Wet Seal Leaves Little to Love

Wet Seal Leaves Little to Love

Teen-girl-focused retailer Wet Seal got punished last week upon releasing its third-quarter earnings. The specialty retail market, especially for young-people clothing, has been brutal lately and Wet Seal may be one of the hardest hit. Sales dropped along with demand, and although the company mitigated some of the damage with cost control efforts, it wasn't enough to keep the bottom line from dipping into the red. Looking ahead, investors and analysts have little to comfort them as the company expects another loss for the fourth quarter. Wet Seal is trading at its 52-week low, but its valuation isn't quite cheap enough to make this a deep value play. With neither growth nor value on the menu, what does Wet Seal offer investors?

Earnings recap
Sales came in at $127.7 million for Wet Seal's third quarter -- about 5% under last year's $135.5 million and below analyst estimates. The company, which owns both its namesake store as well as the higher market Arden B, actually achieved marginally higher same-store sales. The core brand performed respectably, up 1.6%, while Arden B was down 6.7%.

Management has focused on inventory practices and, coupled with lower SG&A expenses, the company's gross margin increased 350 basis points leading to an 11% increase in gross profit. Product markdowns were lower even though the company ran aggressive promotional campaigns.

On the bottom line, the company posted an adjusted net loss of $0.12 per share -- one penny below last year's number and a hair under analyst estimates.

As mentioned, fourth-quarter guidance dictates lower sales (both top line and store level) and an operating loss, though management is still improving margins with tighter cost controls and inventory management.

When companies and their respective stocks bottom out, it can be Christmas come (just a little bit) early for value-oriented investors. Retailers are often hard hit based on short-term performance, much of which is dictated by the macroeconomic environment, but maintain solid fundamentals and competitive advantages in the long term.

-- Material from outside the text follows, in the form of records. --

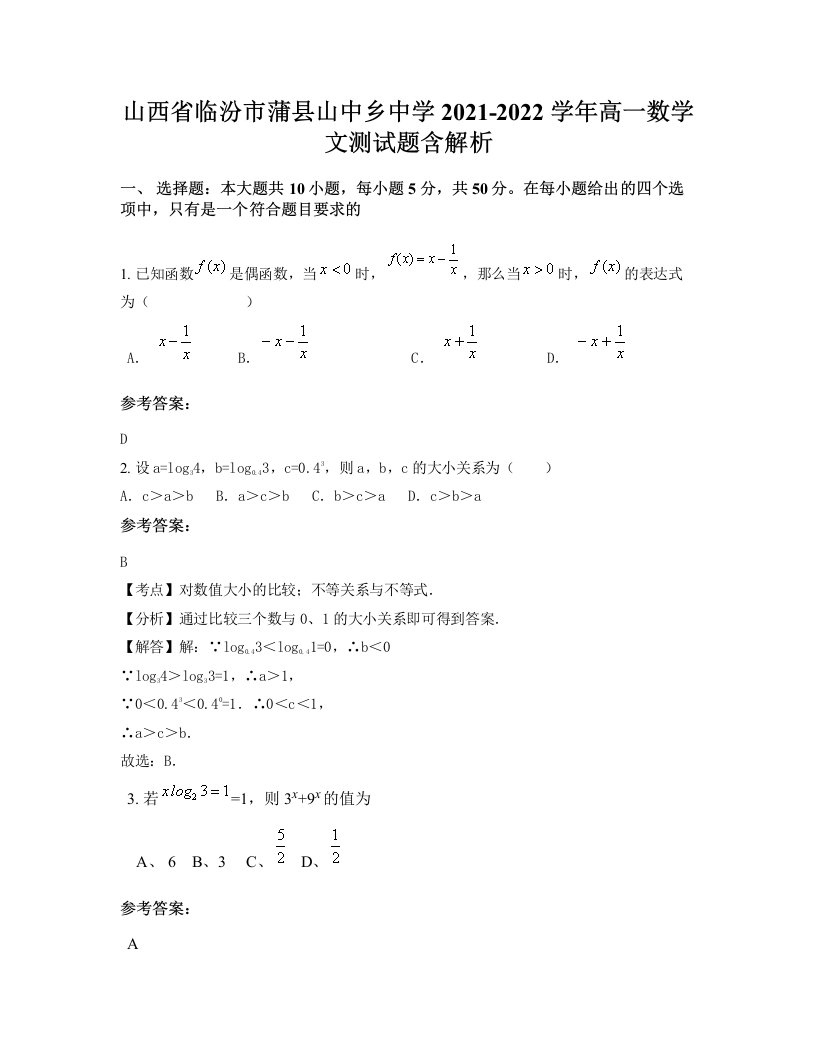 山西省临汾市蒲县山中乡中学2021-2022学年高一数学文测试题含解析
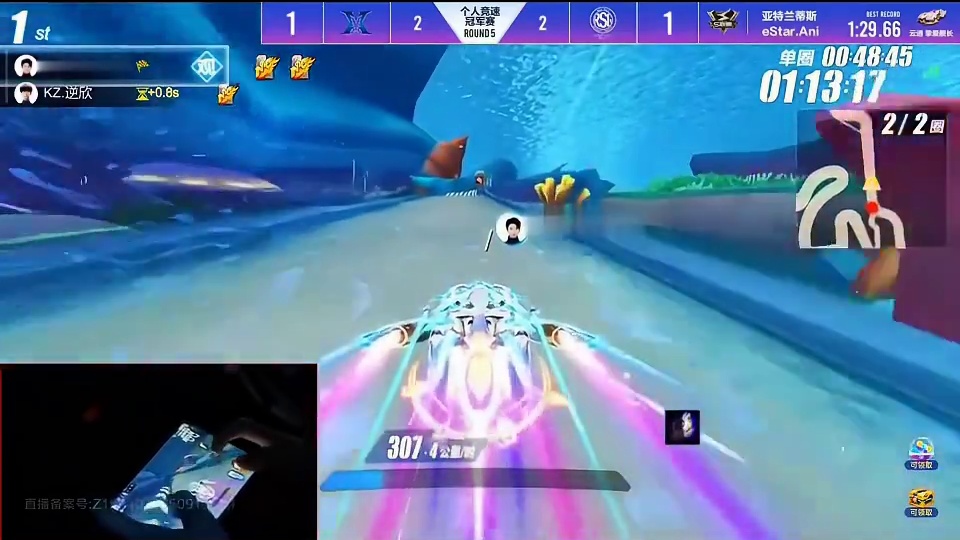 小钰晋级8强！会战亚洲车神shen!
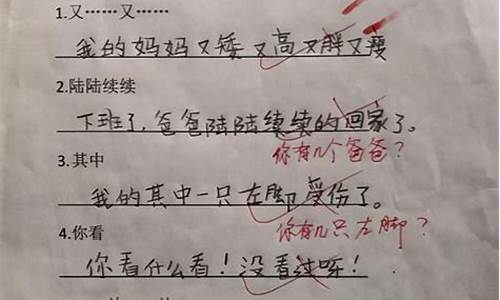 耳濡目染造句子三年级怎么写_耳濡目染造句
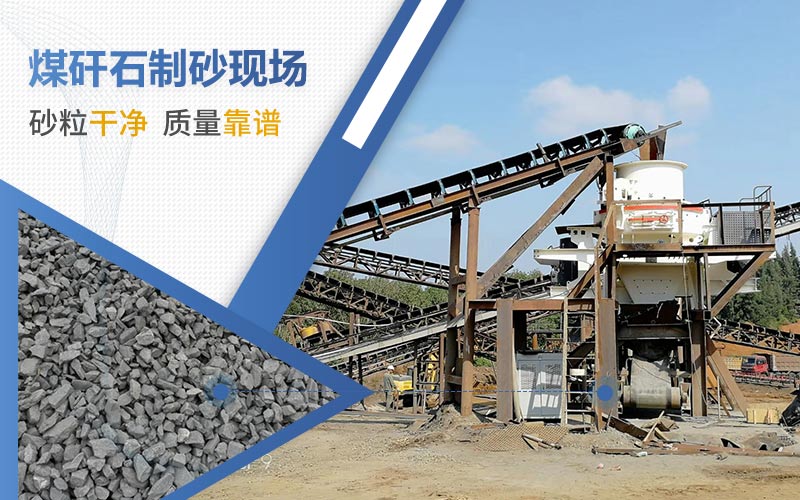 煤矸石制砂強(qiáng)度夠嗎？2021煤矸石多少錢(qián)一噸？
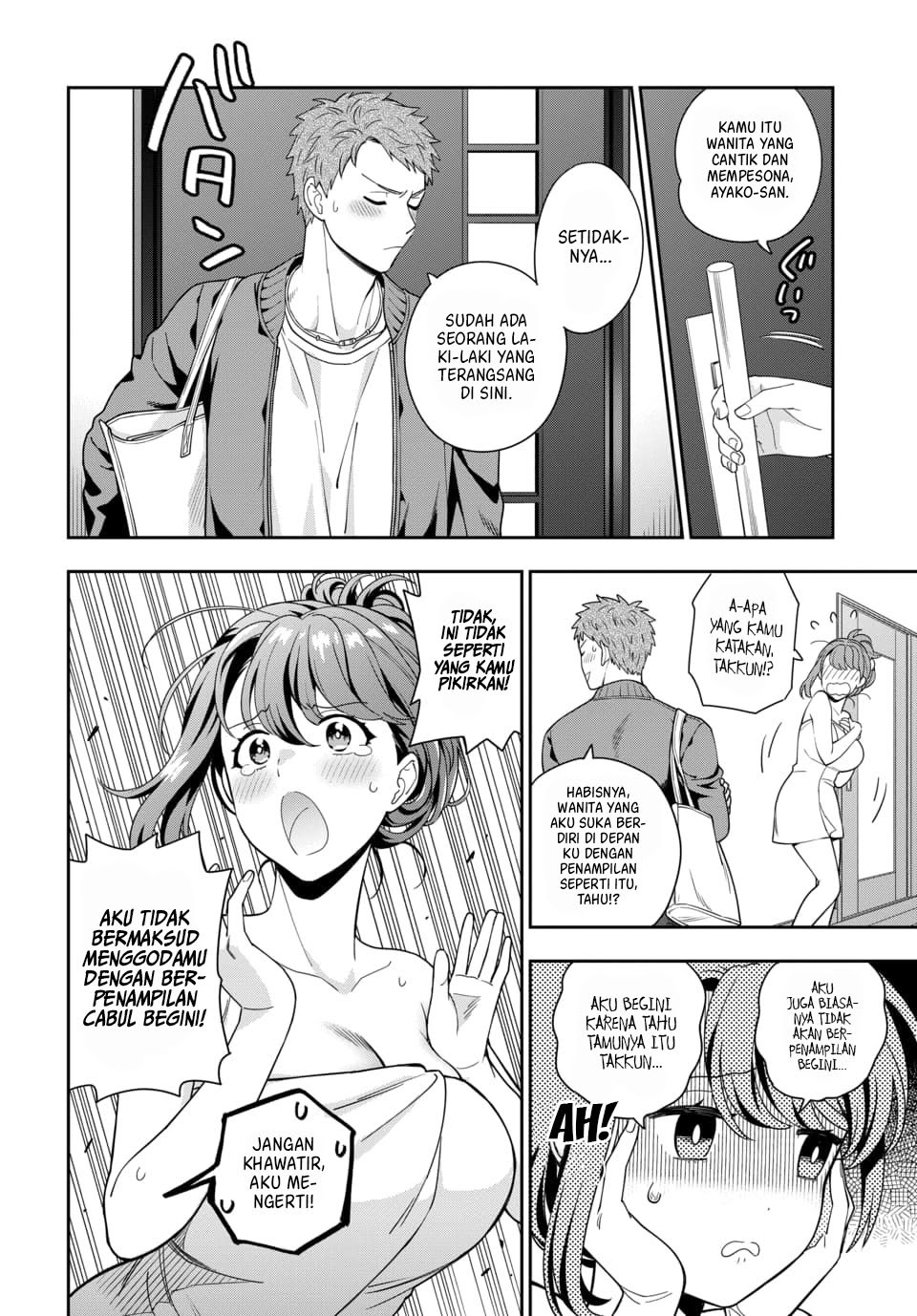 Musume Janakute, Watashi (Mama) ga Suki Nano!? Chapter 03.1 Gambar 7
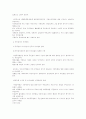 지방자치와 주민참여에 관한 연구 18페이지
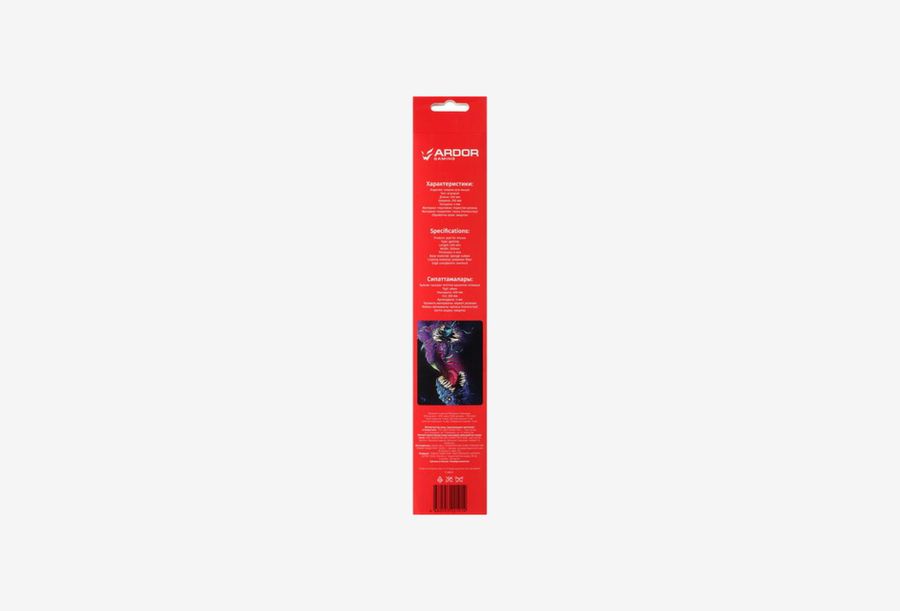 ARDOR GAMING GM-L Beast 2_0426526101523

Wet Seal, at its current valuation, does not fall into this category.

Teen apparel is an ultracompetitive market. When that market experiences a demand squeeze, the name of the game is price cuts. It's lose-lose, as companies have no choice but to cut prices and crunch their margins. Wet Seal does have a formidable mall presence, but its products do little to separate it from the guy next door.

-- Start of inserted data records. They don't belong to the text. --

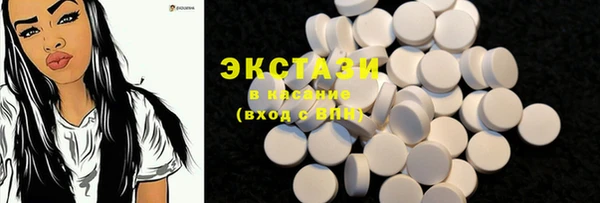 бутират Новокубанск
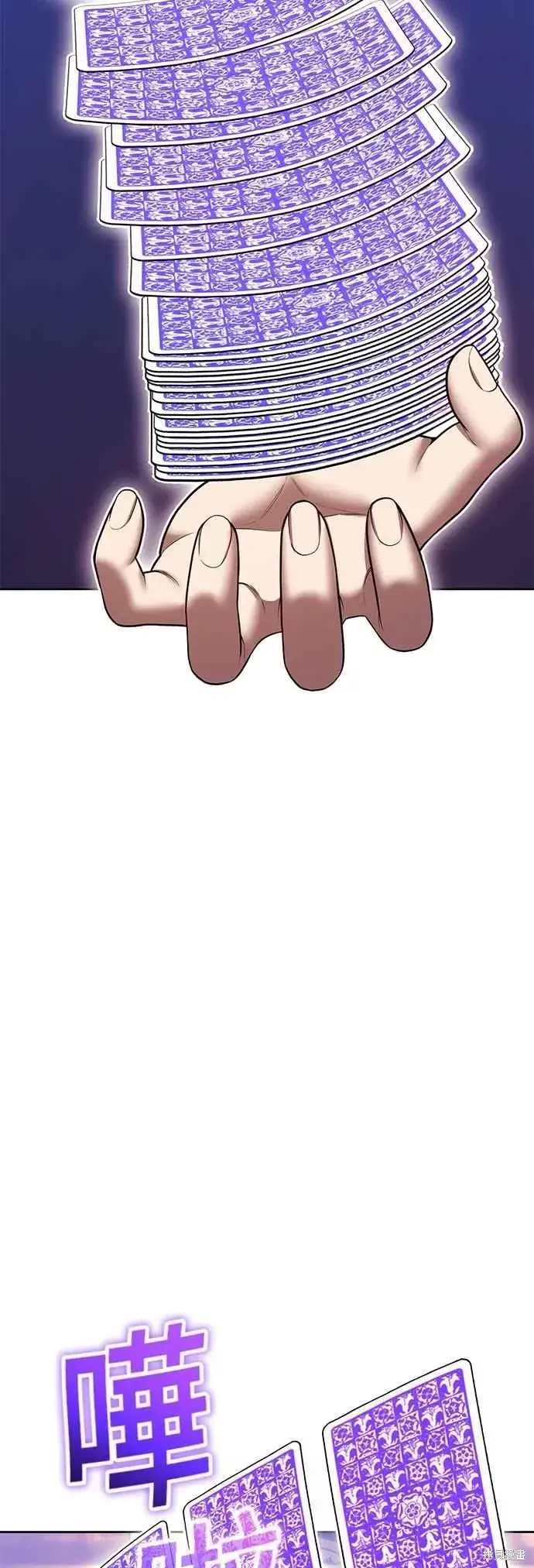 《99强化木棍》第二季 第70话图96
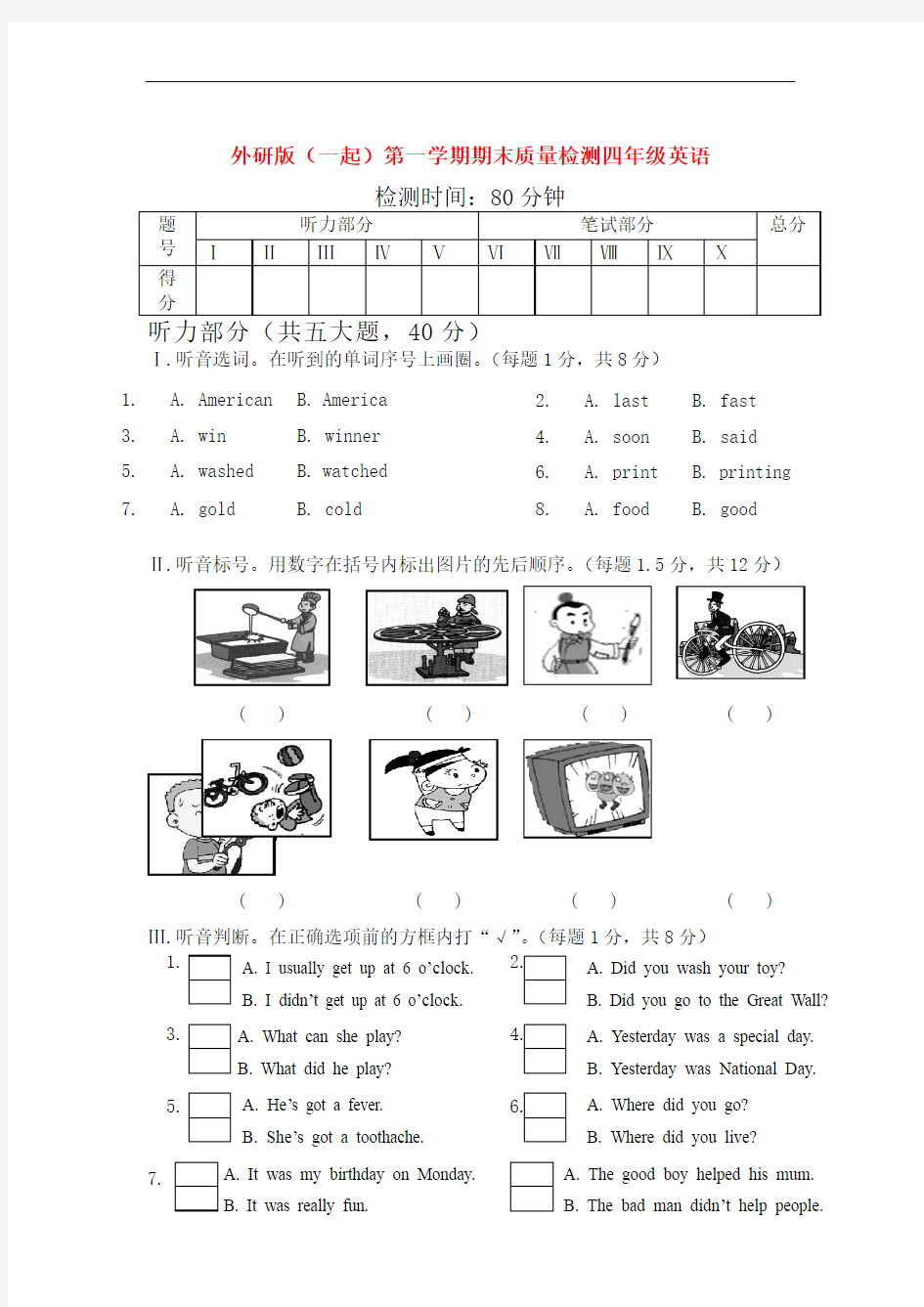 2013-2014四年级英语上学期期末试卷 外研版(一起)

At 22 times projected forward earnings, Wet Seal largely eliminates the value appeal of a deeply cut retail stock. Other than the solid efforts from management to keep the business operating efficiently during this troubling period, there isn't much evidence of improvement on the horizon.

If Wet Seal gets cheaper or shows signs of renewed life, there may be an opportunity. Until then, keep on walking toward the food court.